A large language model (LLM) is a language model consisting of a neural network with many parameters (typically billions of weights or more), trained on large quantities of unlabelled text using unsupervised learning. LLMs emerged around 2018 and perform well at a wide variety of tasks. This has shifted the focus of natural language processing research away from the previous paradigm of training specialized supervised models for specific tasks.
Though the term large language model has no formal definition, it generally refers to deep learning models having a parameter count on the order of billions or more. LLMs are general purpose models which excel at a wide range of tasks, as opposed to being trained for one specific task (such as sentiment analysis, named entity recognition, or mathematical reasoning). Though trained on simple tasks along the lines of predicting the next word in a sentence, neural language models with sufficient training and parameter counts are found to capture much of the syntax and semantics of human language. In addition, large language models demonstrate considerable general knowledge about the world, and are able to "memorize" a great quantity of facts during training.
Architecture and training
Large language models have most commonly used the transformer architecture, which, since 2018, has become the standard deep learning technique for sequential data (previously, recurrent architectures such as the LSTM were most common). LLMs are trained in an unsupervised manner on unannotated text. A left-to-right transformer is trained to maximize the probability assigned to the next word in the training data, given the previous context. Alternatively, an LLM may use a bidirectional transformer (as in the example of BERT), which assigns a probability distribution over words given access to both preceding and following context. In addition to the task of predicting the next word or "filling in the blanks", LLMs may be trained on auxiliary tasks which test their understanding of the data distribution such as Next Sentence Prediction (NSP), in which pairs of sentences are presented and the model must predict whether they appear side-by-side in the training corpus.

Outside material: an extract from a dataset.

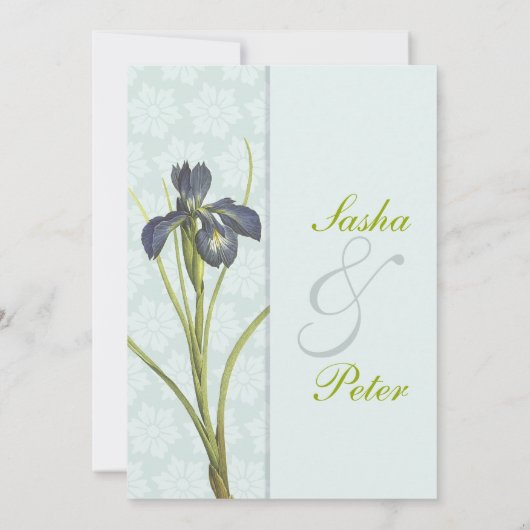 Blue Iris Floral Wedding Invitation Kaart (Achterkant)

The earliest LLMs were trained on corpora having on the order of billions of words. The initial version of GPT was trained in 2018 on BookCorpus, consisting of 985 million words. In the same year, BERT was trained on a combination of BookCorpus and English Wikipedia, totalling 3.3 billion words. In the years since then, training corpora for LLMs have increased by orders of magnitude, reaching up to hundreds of billions or trillions of tokens.

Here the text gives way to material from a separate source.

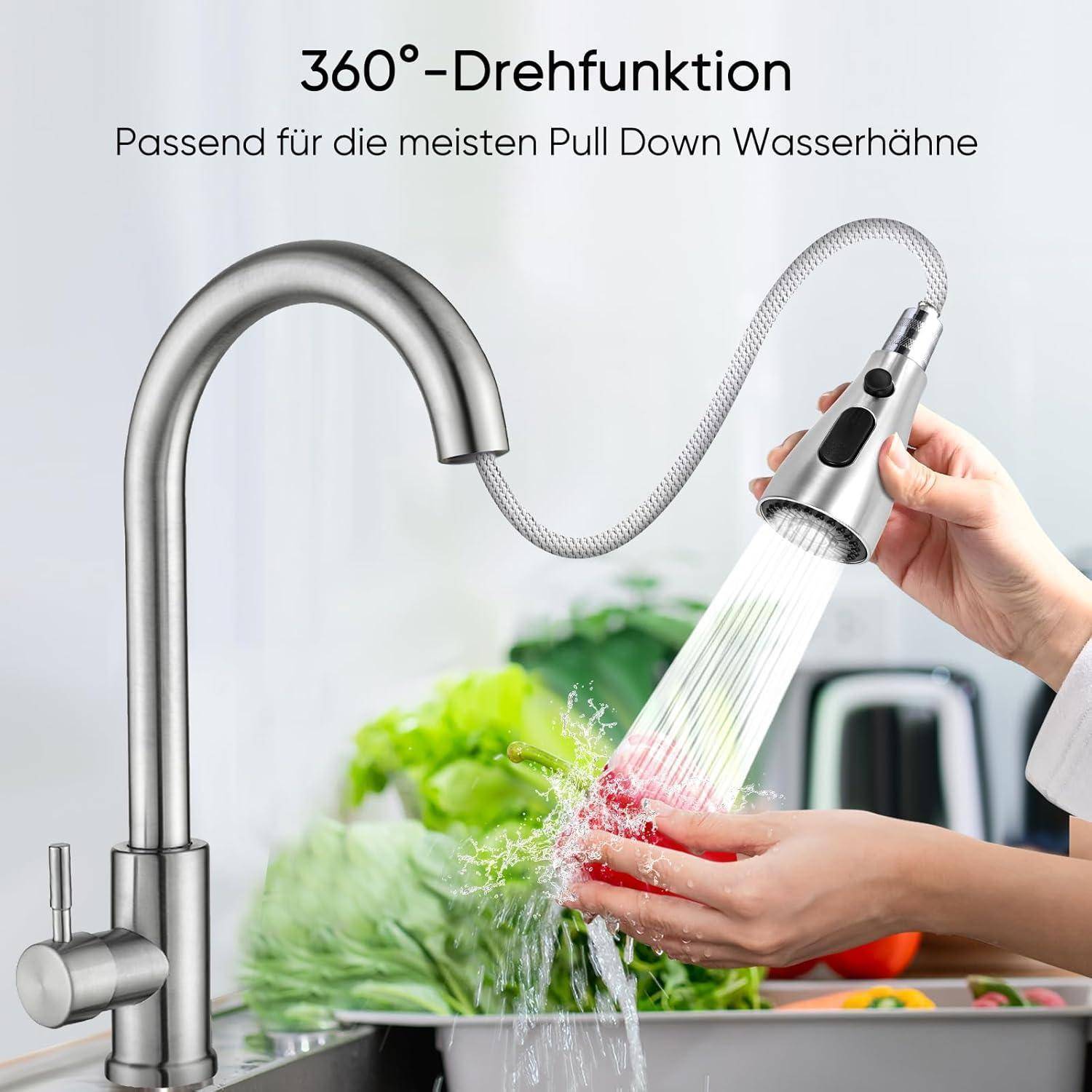 3 Modi Brausekopf Küchenarmatur Ersatz, Pull Out Geschirrbrause mit 9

LLMs are computationally expensive to train. A 2020 study estimated the cost of training a 1.5 billion parameter model (1-2 orders of magnitude smaller than the state of the art at the time) at $1.6 million.

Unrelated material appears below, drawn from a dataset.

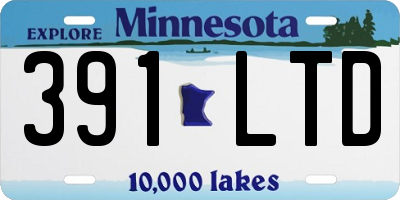 MN license plate 391LTD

A 2020 analysis found that neural language models' capability (as measured by training loss) increased smoothly in a power law relationship with number of parameters, quantity of training data, and computation used for training. These relationships were tested over a wide range of values (up to seven orders of magnitude) and no attenuation of the relationship was observed at the highest end of the range (including for network sizes up to trillions of parameters).
Application to downstream tasks
Between 2018 and 2020, the standard method for harnessing an LLM for a specific NLP task was to fine tune the model with additional task-specific training. It has subsequently been found that more powerful LLMs such as GPT-3 can solve tasks without additional training via "prompting" techniques, in which the problem to be solved is presented to the model as a text prompt, possibly with some textual examples of similar problems and their solutions.
Fine-tuning is the practice of modifying an existing pretrained language model by training it (in a supervised fashion) on a specific task (e.g. sentiment analysis, named entity recognition, or part-of-speech tagging). It is a form of transfer learning. It generally involves the introduction of a new set of weights connecting the final layer of the language model to the output of the downstream task. The original weights of the language model may be "frozen", such that only the new layer of weights connecting them to the output are learned during training. Alternatively, the original weights may receive small updates (possibly with earlier layers frozen).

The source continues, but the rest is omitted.